自動運転技術は、今後のモビリティ革命をけん引する代表的なメガトレンドの一つ。
自動運転車のレベルは、自動走行システムの性能によってレベル1からレベル5までの5段階に分類される。この中で本格的な自動運転車に位置付けられるのは「加速(アクセル)」「操舵(そうだ)(ハンドル)」「制動(ブレーキ)」の全ての操作を車両側システムが行う「自動運転レベル3」以上の車。
レベル3では、通常走行時は操作の全てを車側が行い、緊急時だけ人が操作する。このため、完全自動操舵システムや高精度な物体認識技術、V2X通信技術、3次元地図データなど、様々な自動運転支援技術の融合が必要。道路インフラ側の整備や各国での各種法整備も欠かせない。
自動運転車開発では、様々な情報を基に車自体が状況を正確に把握して適切な判断を下すため、「AI(人工知能)」や「ディープラーニング」の活用が重要。状況変化に瞬時に対応する高速応答のために「エッジコンピューティング技術」も肝要となる。

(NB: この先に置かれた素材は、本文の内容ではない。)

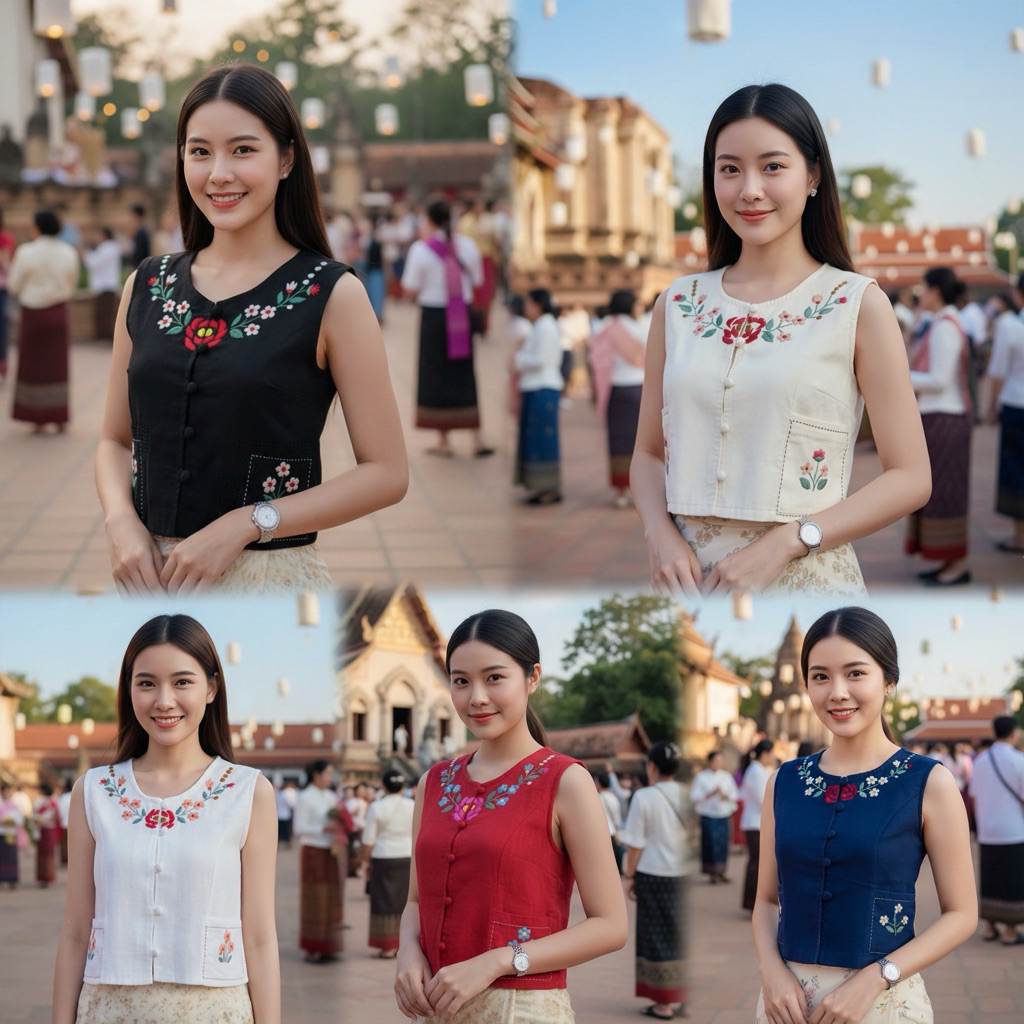 เสื้อพื้นเมืองผู้หญิงแขนกุด ปักดอกด้วยมือ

国内外の主要自動車メーカーは、20-21年前後を「自動運転車(レベル3)」の実用化目標時期に定め、技術開発にしのぎを削っている。
将来的には、高速道路などの限定領域内で運転操作の全てを車が行い、ドライバーは一切操作に関与しない「自動運転レベル4=高度運転自動化」が志向され、25年から30年ごろの実用化が業界のターゲットとされる。
最終的には、一般道も含めた全ての公道でドライバーが一切運転に関与しない「自動運転レベル5=完全自動運転化」が目標に掲げられている。